Information provided:
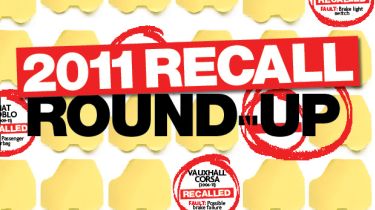 Recall round-up 2011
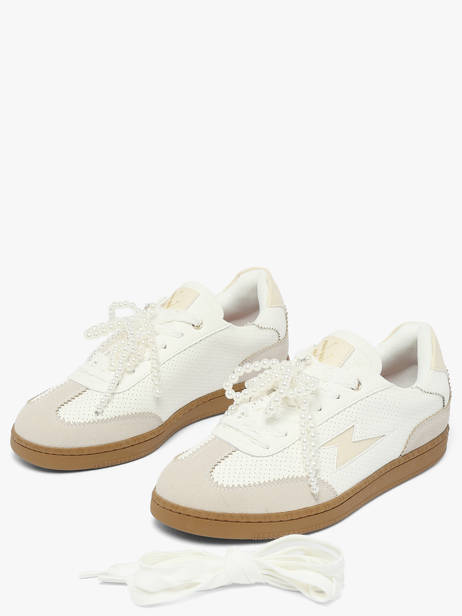 Sneakers Perla X Sasa Vanessa wu Blanc women BK2822BA vue secondaire 1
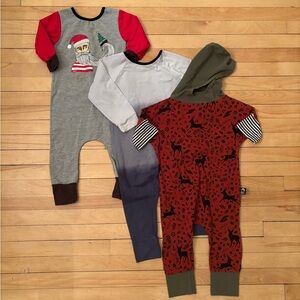 Rags Modal Onesies, 12-18 months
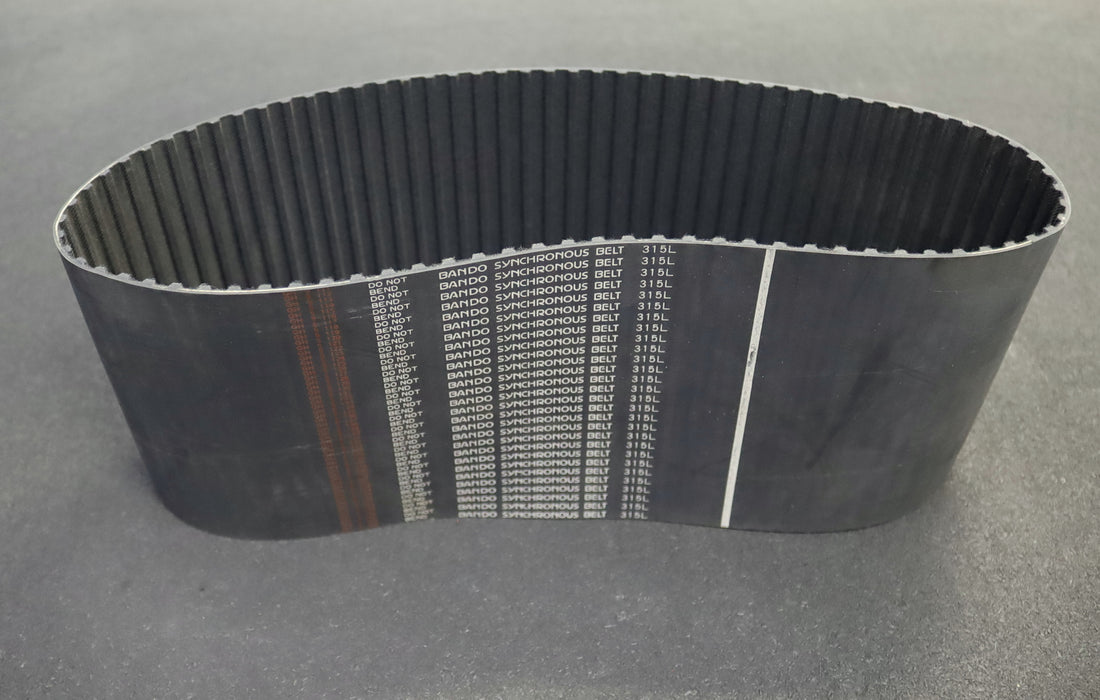 Bild des Artikels BANDO-Zahnriemen-Timing-belt-315-L-Breite-134mm-Länge-800,1mm-unbenutzt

Your assignment: Starting with the line that contains "Rags Modal Onesies, 12-18 months", repeat each line exactly through the last line of the data above, and nothing more; the pictures stay out.

Finished exercise:
 Rags Modal Onesies, 12-18 months
 Bild des Artikels BANDO-Zahnriemen-Timing-belt-315-L-Breite-134mm-Länge-800,1mm-unbenutzt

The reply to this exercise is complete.